▶ _Work instructions_
After going through the data, give the number of lines that contain the word "Years" as your sole answer.

═══ Records supplied

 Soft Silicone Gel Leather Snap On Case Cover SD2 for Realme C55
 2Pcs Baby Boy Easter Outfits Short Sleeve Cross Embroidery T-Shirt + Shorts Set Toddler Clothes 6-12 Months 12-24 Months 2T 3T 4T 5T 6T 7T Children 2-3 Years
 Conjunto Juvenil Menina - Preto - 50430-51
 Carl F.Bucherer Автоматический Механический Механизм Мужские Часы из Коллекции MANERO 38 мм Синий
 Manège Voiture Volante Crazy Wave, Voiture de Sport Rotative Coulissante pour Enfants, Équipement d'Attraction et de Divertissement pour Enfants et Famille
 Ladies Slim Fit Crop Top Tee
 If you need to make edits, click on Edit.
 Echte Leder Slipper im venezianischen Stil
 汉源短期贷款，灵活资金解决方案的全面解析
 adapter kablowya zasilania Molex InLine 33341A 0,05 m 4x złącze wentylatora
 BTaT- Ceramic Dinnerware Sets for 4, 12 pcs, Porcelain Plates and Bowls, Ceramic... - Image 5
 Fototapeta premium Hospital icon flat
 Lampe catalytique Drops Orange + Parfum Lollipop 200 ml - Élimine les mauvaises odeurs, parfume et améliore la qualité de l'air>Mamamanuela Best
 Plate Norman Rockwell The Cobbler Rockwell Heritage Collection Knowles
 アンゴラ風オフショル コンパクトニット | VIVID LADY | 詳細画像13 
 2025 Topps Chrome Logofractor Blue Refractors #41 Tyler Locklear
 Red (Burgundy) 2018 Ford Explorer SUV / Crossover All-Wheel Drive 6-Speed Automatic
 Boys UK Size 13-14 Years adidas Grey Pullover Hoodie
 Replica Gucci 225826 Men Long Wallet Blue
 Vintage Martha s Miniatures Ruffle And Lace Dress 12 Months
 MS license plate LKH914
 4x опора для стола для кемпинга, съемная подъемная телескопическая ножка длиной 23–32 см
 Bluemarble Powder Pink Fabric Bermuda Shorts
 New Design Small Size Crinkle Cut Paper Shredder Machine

══════

▶ _Task result_
2